Am I blind, or is there no free test reading?


----------



## John Ziegler (Sep 28, 2016)

GuerillaKilla said:


> Am I blind, or is there no free test reading?



I got it done at a trt clinic running an ad 19 dollar consultation I asked them to add the estradiol test costed 20 they did the testosterone test in house the estradoil went to labcore.


----------



## snake (Sep 28, 2016)

How do you feel Z? TT would be a little low for my liking but that's me. I bet good money if you bumped it up just a little, you're E2 won't get to high.


----------



## GuerillaKilla (Sep 28, 2016)

My total test on TRT 200mgs a week Pfizer cyp is 605. Free test 168.


----------



## IHI (Sep 28, 2016)

We'll all process.differently, what oil (manufacturer) will also vary since 200mg will vary, esspecilly if you compare ugl vs pharm stuff (hence why we see some guys doing massive amounts and rather tame blood work). So no way we can just say Zig, do this and expect this, obviously; but this splitting of an already low, true trt dose (as far as a beginning baseline to find how the person's body reacts) has to stop lol.

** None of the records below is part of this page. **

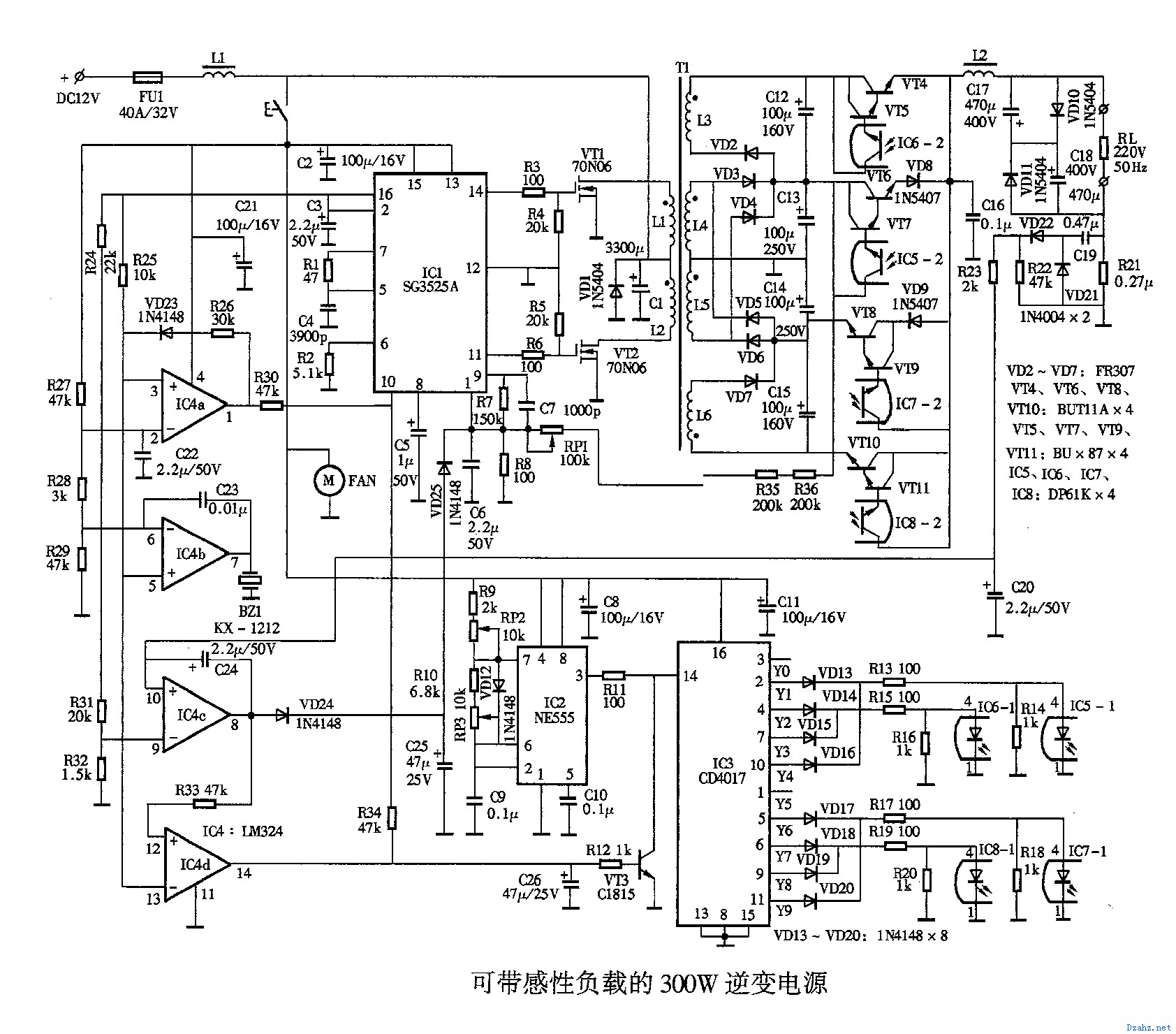电子电路图纸简介:      可带感性负载的300w逆变电源gif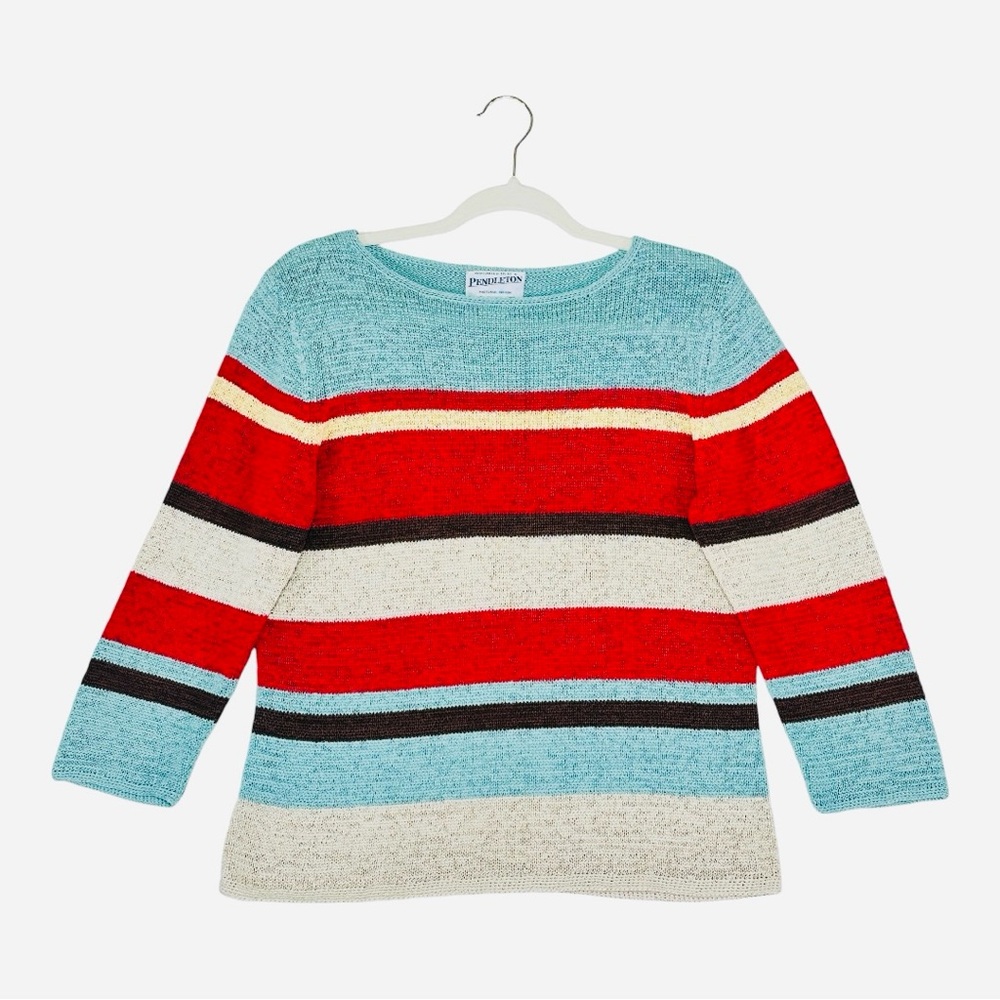 Pendleton Cotton Blend Knit Boatswain Collar Striped Sweater - Multicolor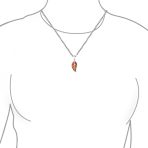 Blue Fire Opal Leaf Pendant Necklace in Sterling Silver - Image 6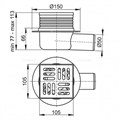 Alcaplast BD APV26  Сливной трап, 105 105/50, подводка – боковая, решетка – нержавеющая сталь, гидрозатвор – мокрый APV26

This is a classic case of overly cautious, and it's working negatively for him obviously. I'm betting eventually he'll find with whatever oil he's using it'll end up between 100-200mg/wk, 1 shot a week for best results. If he goes 300mg+/week, then I suspect using an eth. And splitting dose will work better, 
But as far as this thread goes, he has advice on a medically proven protocol that millions follow to get a solid baseline. Whether he runs it is still upto him


----------



## Dex (Sep 28, 2016)

You should do 150mg or 175mg and see.  I was doing two shots a week at 100mg each and my test was 1100+ on shot day, before injection. 175mg is about as low as I can go or I start feeling like crap again. I will see what those numbers get me in a few weeks.


----------



## John Ziegler (Sep 28, 2016)

Im running the watson 200mg per ml.



snake said:


> How do you feel Z? TT would be a little low for my liking but that's me. I bet good money if you bumped it up just a little, you're E2 won't get to high.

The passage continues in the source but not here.